▸ EXERCISE INSTRUCTIONS:
The records below are to be restated word for word, with their images omitted.

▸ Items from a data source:

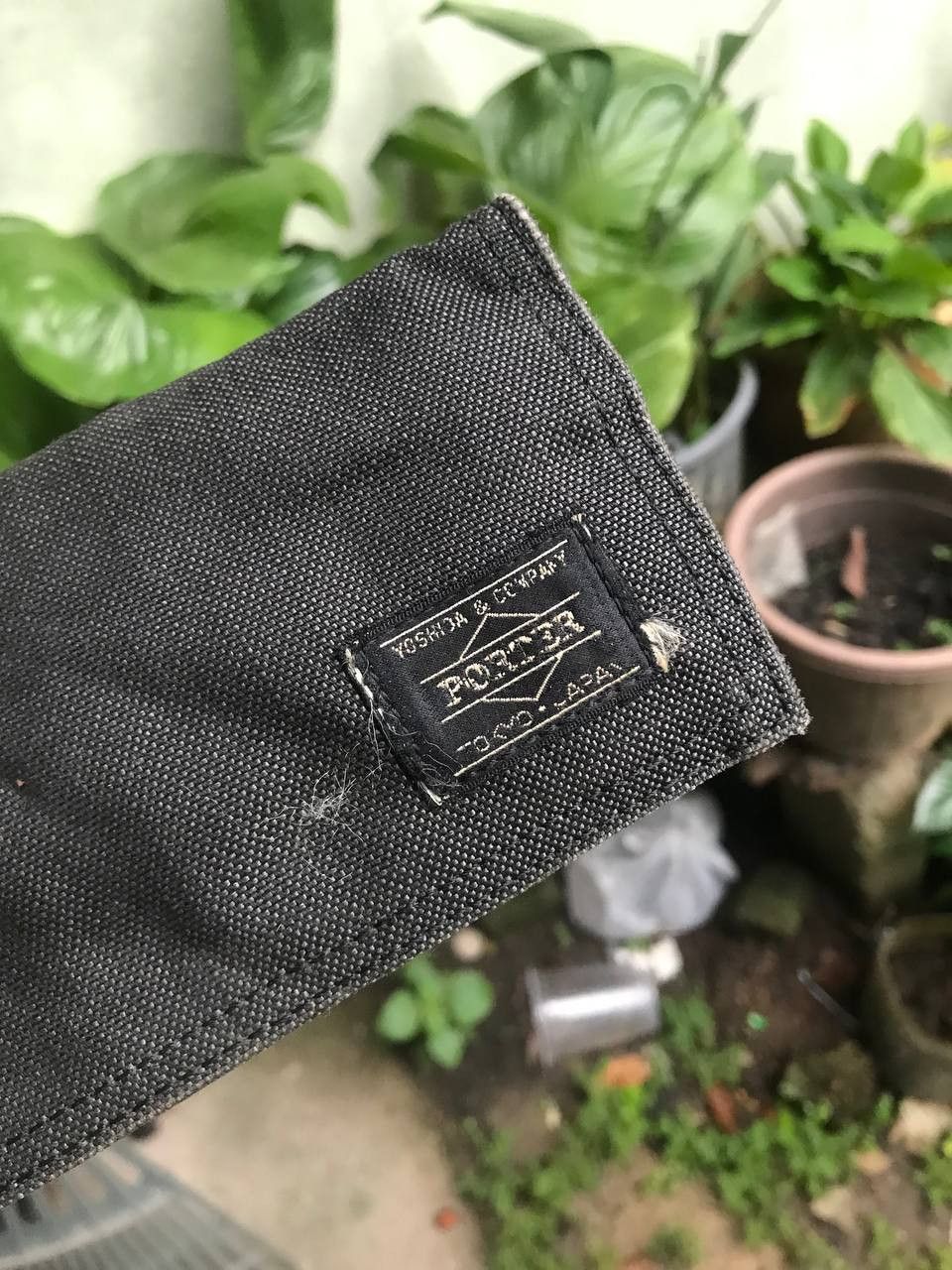 Porter PORTER DENIM LONG WALLET Size ONE SIZE - 4 Thumbnail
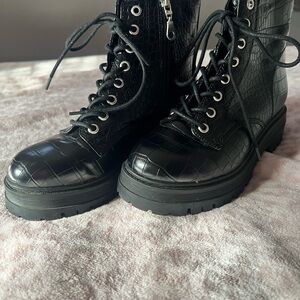 Nine West Platform Boots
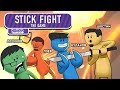 Stick Fight: The Game. Ёлки-палки-щекоталки
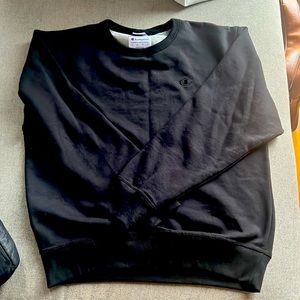Champion black sweatshirt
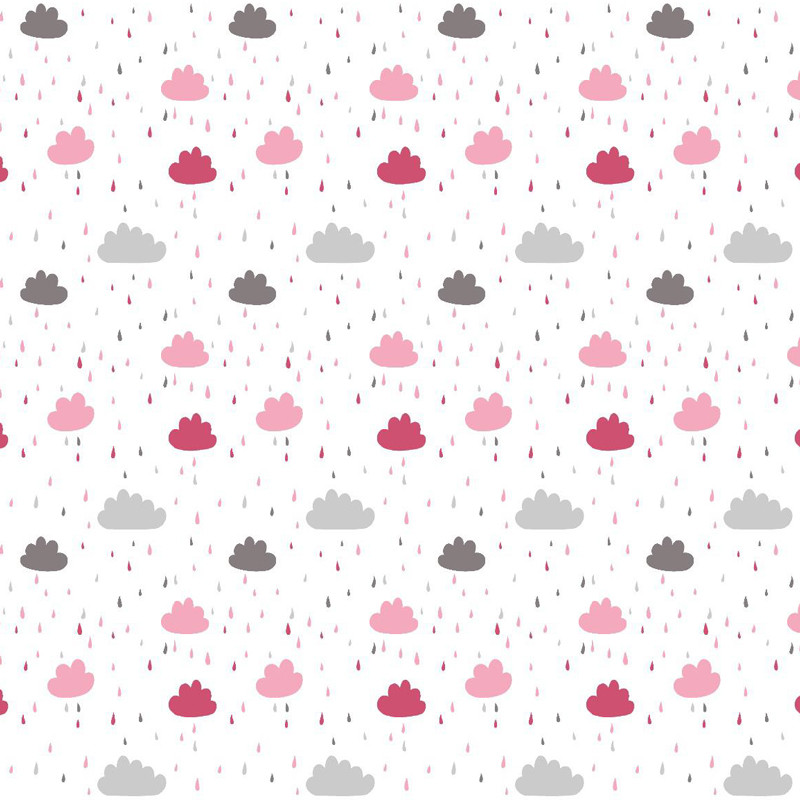 Ткань для постельного белья Фланель (байка) детcкая FLB1056pink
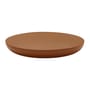 Couchtisch Olo Colours holz orange / Ø 100 x H 15 cm - Mogg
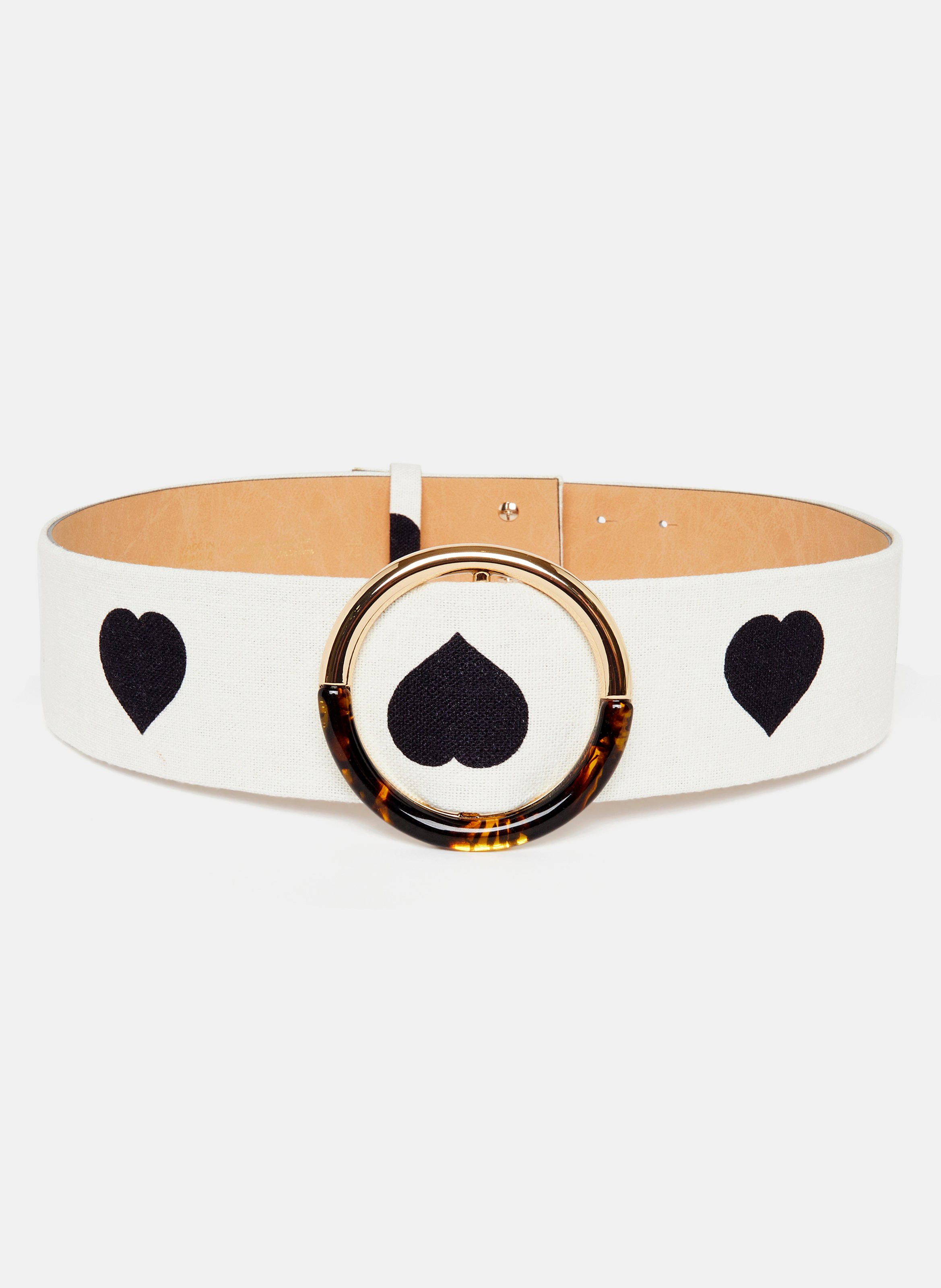 Ceinture lauren TARA JARMON Beige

▸ PROBLEM SOLUTION:
 Porter PORTER DENIM LONG WALLET Size ONE SIZE - 4 Thumbnail
 Nine West Platform Boots
 Stick Fight: The Game. Ёлки-палки-щекоталки
Champion black sweatshirt
 Ткань для постельного белья Фланель (байка) детcкая FLB1056pink
 Couchtisch Olo Colours holz orange / Ø 100 x H 15 cm - Mogg
 Ceinture lauren TARA JARMON Beige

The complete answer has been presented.